Parecia que nas entranhas da Nau “ batia o coração da pátria, a voz de oito séculos que não se calava” ,
Assim perorou S.Exª o Rev.º Bispo, não se podendo, por bom aviso , aqui ter a certeza se a convicção lhe viria de sábia auscultação ,se por exclusiva hiperbolização oratória, admissível nestas ocasiões consagradas. Verdade indesmentível, essa era, a associação que o regime de Salazar pretendia fazer da Nau, tornando-a um símbolo, uma fénix renascida, emergida para reencarnar a acção civilizadora da «Pátria Portuguesa», numa encenação com que se visava sugerir o reeditar da epopeia da gesta colonizadora de outrora. Uma reafirmação da visão nacionalista do « Império», de que Salazar se julgava ser o último guardião, e com a qual se propunha desviar a atenção dos ataques exteriores - e de alguns tímidos espasmos interiores – que, escapados à malha apertada da censura, se começavam a fazer ouvir, pondo em causa a pretensão da afirmação - e manutenção - de uma pátria , una, que se estendia do Minho a Timor. Um Só Povo; uma só Nação- propalava o regime à época .E um só rosto, o de -Salazar! - imagem de predestinado para o cumprimento de uma missão superior, a de dar corpo ao desígnio de continuidade do Império, uno.

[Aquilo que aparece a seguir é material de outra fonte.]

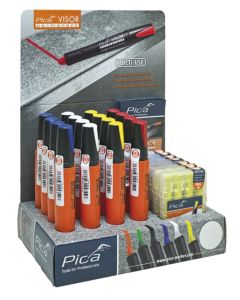 Pica 990/1 VISOR Permanent display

Para tal desiderato a Nau a fundear na doca de Belém, serviria de «âncora» à grandiosa «Exposição do Mundo Português«, estrondosa, impante e charmosa comemoração histórico - patriótica (bem recheada de simbolismo na comemoração dos 800 anos da fundação da Nacionalidade (1140), e dos 300 anos da Restauração da Independência -1640), que se pretendia, viesse a ser, veiculo privilegiado de afirmação das virtudes (?!) do regime corporativo, pretensamente o garante do destino herdado na «mensagem» dos seus maiores.

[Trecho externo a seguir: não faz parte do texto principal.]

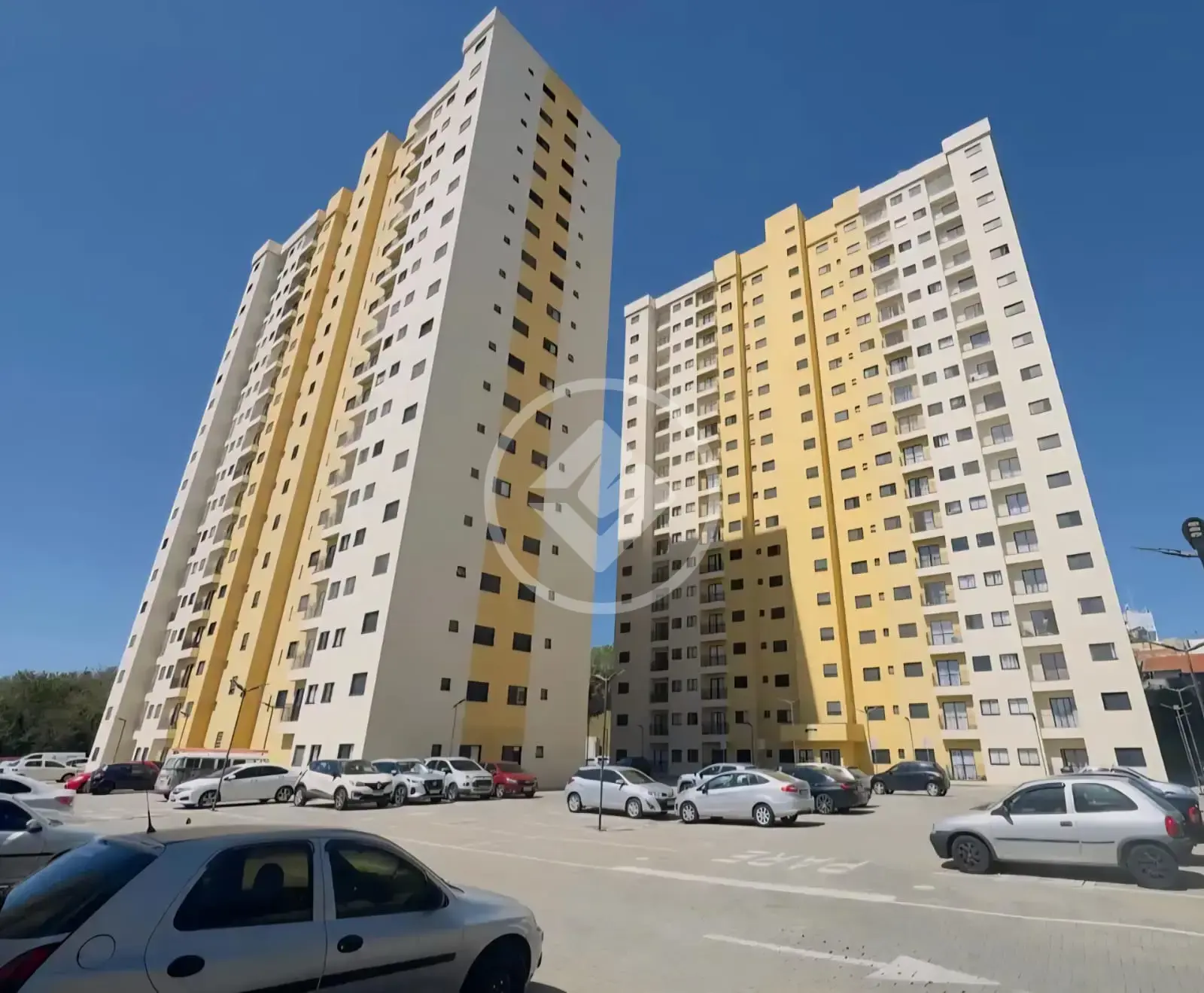 Apartamento a venda na Vila Sonia em Valinhos/SP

Acção propagandística para uso interno – com que era suposto regenerar e revigorar o regime - mas e também, apostada em ser notada e referenciada no exterior, num momento em que turvas nuvens se adensavam sobre o espaço europeu ,prenunciando um período de conturbado conflito que iria de novo deixar um rasto de morte e destruição, por toda a Europa. Esta iniciativa portuguesa daria uma imagem de unidade , de paz e progresso, internos , enviando um «recado» para o exterior no sentido de consolidar a posição neutral, que Salazar, astuciosamente, pretendia afirmar, ao permitir apenas a presença do Brasil no certame. A «Exposição do Mundo Português» ajudaria - essa era a intenção – a criar a ideia de um Portugal alheado, embora na realidade não o fosse tanto, das disputas ideológicas dos blocos europeus, já então envolvidos no limiar de um conflito generalizado, que transformaria a Europa no palco sangrento onde se desenrolou a 2ª Grande Guerra Mundial.
fig2- A Entrada da Exposição
Da acção de promoção do evento – encenação caseira das Grandes Exposições Mundiais -, se encarregaria a Comissão de Propaganda de António Ferro, criada para trabalhar e fazer passar a ideia de aqui morava «uma só Nação, una e indivisível , pluricontinental», estendida da Europa a Timor, habitada por «um só Povo vivendo em paz e concórdia», sob protecção de um eleito . Pátria que exibia a singularidade de ser capaz de absorver o paradigma da convivência de raças , credos, etnias e culturas, diferentes, vivendo em - completa (?!) -paz.